Last year, the Club of Rome, together with the St.Gallen Symposium, developed seven principles for a new generational contract - based on international research. The principles are: Responsibility, Care, Regeneration, Openness, Participation, Awareness of the Past and Future, and Cooperation. “All of us - whether students or professionals - will take these principles with us as a reference framework within which we will make our decisions in future,” Ramphele said.

Meeting place for ideas and generations

Ramphele sees the St.Gallen Symposium, which she was participating in for the third time in a row, as a meeting point for ideas and perspectives: “The event enables lively interaction and exchange between people of different origins and generations. This enables the participants to gain new insights, which they can use to move on from knowledge to action.” This action is imperative, because: “The current economic and financial systems today contribute towards ever increasing global inequality.” At the same time, the natural foundations of the Earth are being severely threatened.

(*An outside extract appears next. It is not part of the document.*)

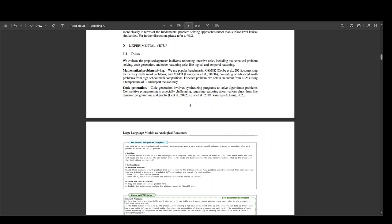And then LLMs can also adapt and create examples to fit each specific task. So this is primarily, as I mentioned earlier, inspired by the human's own Analogical Reasoning.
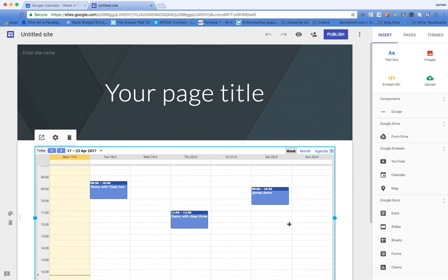There you are, a very quick and easy way to make use of Google Calendar and to embed it into new Google sites. Hope you found that useful. If you enjoyed the video, please remember to subscribe to the YouTube channel.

Leo Legler also called for an exchange between the generations. He is one of three student co-presidents of the Symposium, which is organised by a core team of 26 students and over 500 volunteers. “Talk to five different people from different generations every day. Take the insights from these conversations with you into your everyday life,” said Legler during the opening of the Symposium. 
One representative of the young generation in St.Gallen was the 26-year-old Ugandan climate activist Vanessa Nakate. “Climate change is not about the weather or statistics, it’s about people,” she said. In any case, the climate crisis was one of the key issues along with sustainability: High-ranking representatives from global brands such as Hugo Boss, Asics or Omega, as well as the German philosopher Richard David Precht and the German doctor and “Scientists for Future” co-founder Eckart von Hirschhausen discussed this together at the SQUARE. Among the participants were politicians such as Federal Councillor Guy Parmelin, Councillor of States Thierry Burkhardt and German Green Party member Ricarda Lang, young entrepreneurs such as Sarah Maria Nordt from the sustainable label Sanoge, and US education innovator Sal Khan. 

Key role of the universities

Mamphele herself took part in a panel discussion entitled “Long-termism, now!”. In it, she called for a shift in thinking away from short-term goals towards strategic, long-term ones. “By long-term I mean thinking beyond one’s own generation and also beyond one’s own community,” she said. Universities and education in general play an important role in this change of perspective. “The HSG trains young people who often work in companies afterwards. And most companies think short-term nowadays, for example, in quarterly key figures. Of course, students cannot come into the professional world as newcomers and immediately change the rules - but they can ask critical questions in the right places to initiate change,” said Mamphele.